We too hope the arc can bend toward justice, but clearly it’s at best a jagged arc. Presidents and lawmakers in both parties over the past 15 years have failed to make the U.S. a party to the Convention on Cluster Munitions. This puts us in the company of nations like China, Egypt, Iran, Israel, and North Korea. There have been pushes to take action, but they’ve not found success. Last year, 11 Democratic members of Congress wrote a letter to Biden urging him to adopt a policy to block production and exportation of cluster bombs. And this year there have been efforts by a few Democratic and Republican representatives to block the U.S. from exporting cluster munitions, but they’ve failed to gain enough support.
So the U.S. keeps a massive stockpile of cluster munitions and is throwing them into an active warzone. All of this stands in stark contrast to what Biden promised to do as president.

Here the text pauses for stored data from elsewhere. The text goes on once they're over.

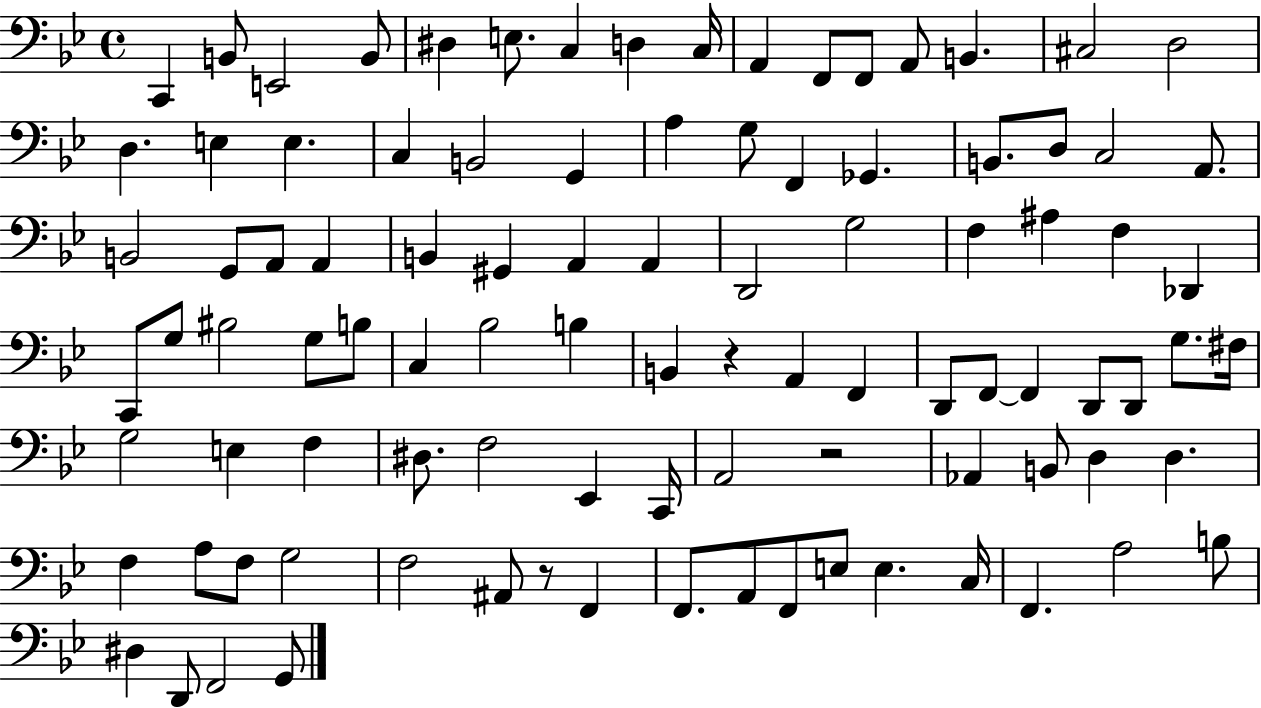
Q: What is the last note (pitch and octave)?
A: G2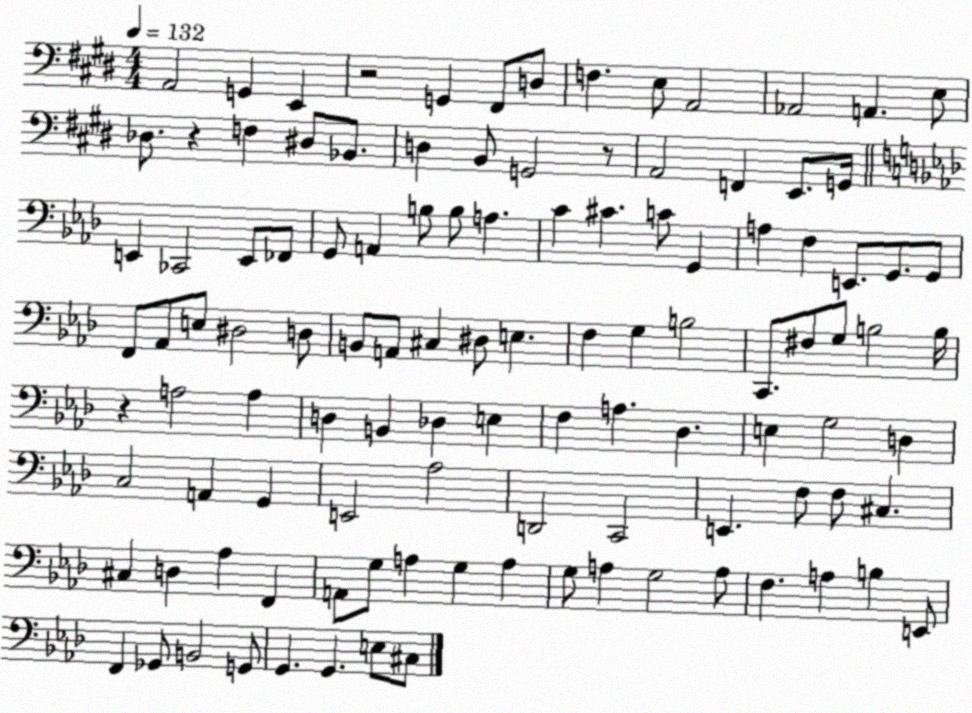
X:1
T:Untitled
M:4/4
L:1/4
K:E
A,,2 G,, E,, z2 G,, ^F,,/2 D,/2 F, E,/2 A,,2 _A,,2 A,, E,/2 _D,/2 z F, ^D,/2 _B,,/2 D, B,,/2 G,,2 z/2 A,,2 F,, E,,/2 G,,/4 E,, _C,,2 E,,/2 _F,,/2 G,,/2 A,, B,/2 B,/2 A, C ^C C/2 G,, A, F, E,,/2 G,,/2 G,,/2 F,,/2 _A,,/2 E,/2 ^D,2 D,/2 B,,/2 A,,/2 ^C, ^D,/2 E, F, G, B,2 C,,/2 ^F,/2 G,/2 B,2 B,/4 z A,2 A, D, B,, _D, E, F, A, _D, E, G,2 D, C,2 A,, G,, E,,2 _A,2 D,,2 C,,2 E,, F,/2 F,/2 ^C, ^C, D, _A, F,, A,,/2 G,/2 A, G, A, G,/2 A, G,2 A,/2 F, A, B, E,,/2 F,, _G,,/2 B,,2 G,,/2 G,, G,, E,/2 ^C,/2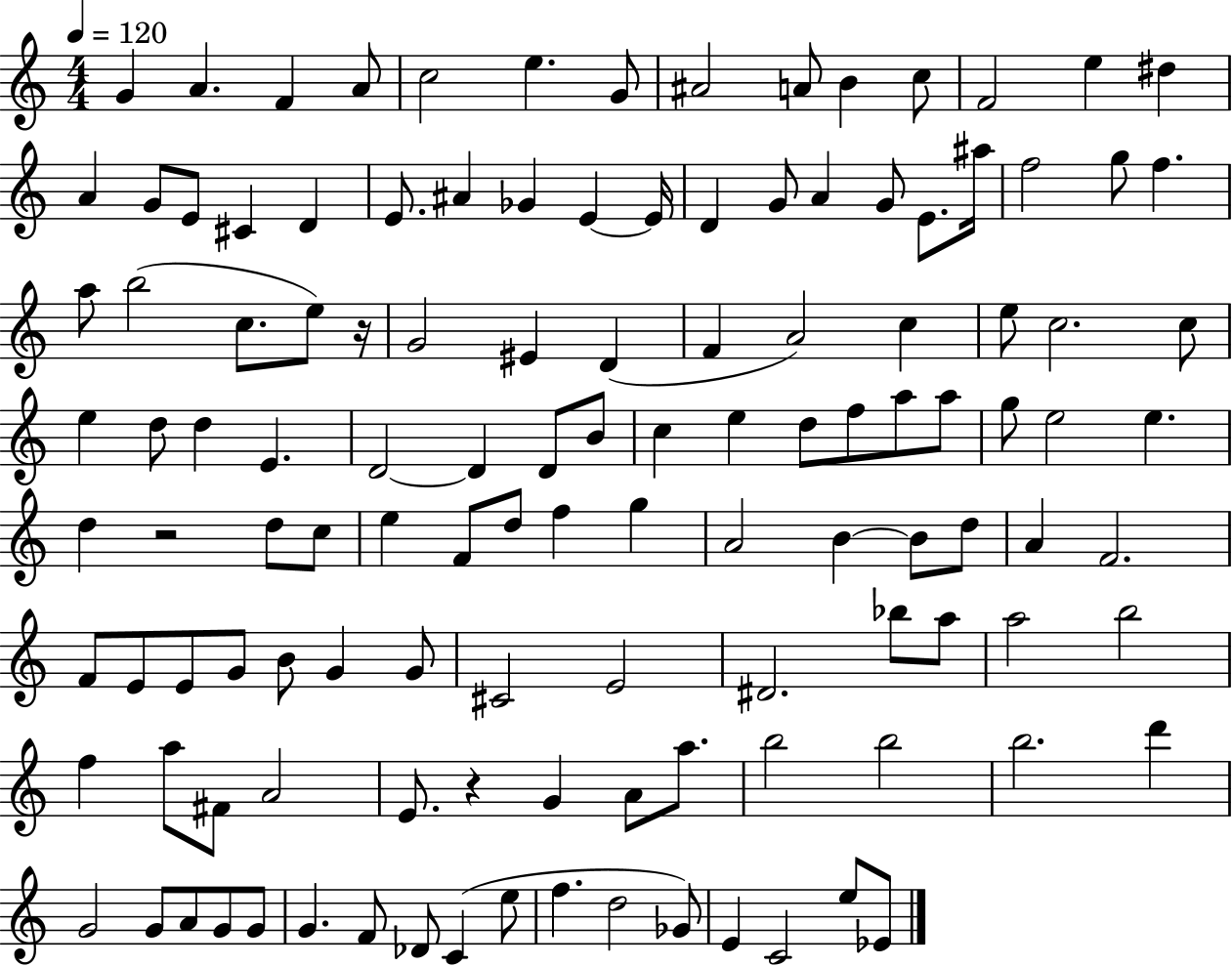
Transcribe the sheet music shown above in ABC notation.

X:1
T:Untitled
M:4/4
L:1/4
K:C
G A F A/2 c2 e G/2 ^A2 A/2 B c/2 F2 e ^d A G/2 E/2 ^C D E/2 ^A _G E E/4 D G/2 A G/2 E/2 ^a/4 f2 g/2 f a/2 b2 c/2 e/2 z/4 G2 ^E D F A2 c e/2 c2 c/2 e d/2 d E D2 D D/2 B/2 c e d/2 f/2 a/2 a/2 g/2 e2 e d z2 d/2 c/2 e F/2 d/2 f g A2 B B/2 d/2 A F2 F/2 E/2 E/2 G/2 B/2 G G/2 ^C2 E2 ^D2 _b/2 a/2 a2 b2 f a/2 ^F/2 A2 E/2 z G A/2 a/2 b2 b2 b2 d' G2 G/2 A/2 G/2 G/2 G F/2 _D/2 C e/2 f d2 _G/2 E C2 e/2 _E/2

As he stood in Wilmington, Delaware, to officially accept the Democratic Party’s nomination for president on Aug. 20, 2020, Biden delivered an optimistic, moralistic vision that “love is more powerful than hate, hope is more powerful than fear, light is more powerful than dark.”
“May history be able to say that the end of this chapter of American darkness began here tonight as love and hope and light joined in the battle for the soul of the nation,” he added.
Biden often invoked that kind of language, with “battle for the soul of the nation” serving as one of his campaign’s key slogans in speeches, on podium signs, and on banners. He’s returned to that language since then as well. For instance, his Sept. 1, 2022, speech in front of Independence Hall in Philadelphia, as he took aim at Donald Trump and the Capitol insurrection as the midterm elections heated up was titled “Battle for the Soul of the Nation.”
So it’s fair to use his own words to judge his decision to ship cluster munitions to Ukraine even though such bombs are unethical and violate international standards. If this is the state of the nation’s soul, then it’s not well. And when this is done in our names by our government with our money, then it should not be well with our souls.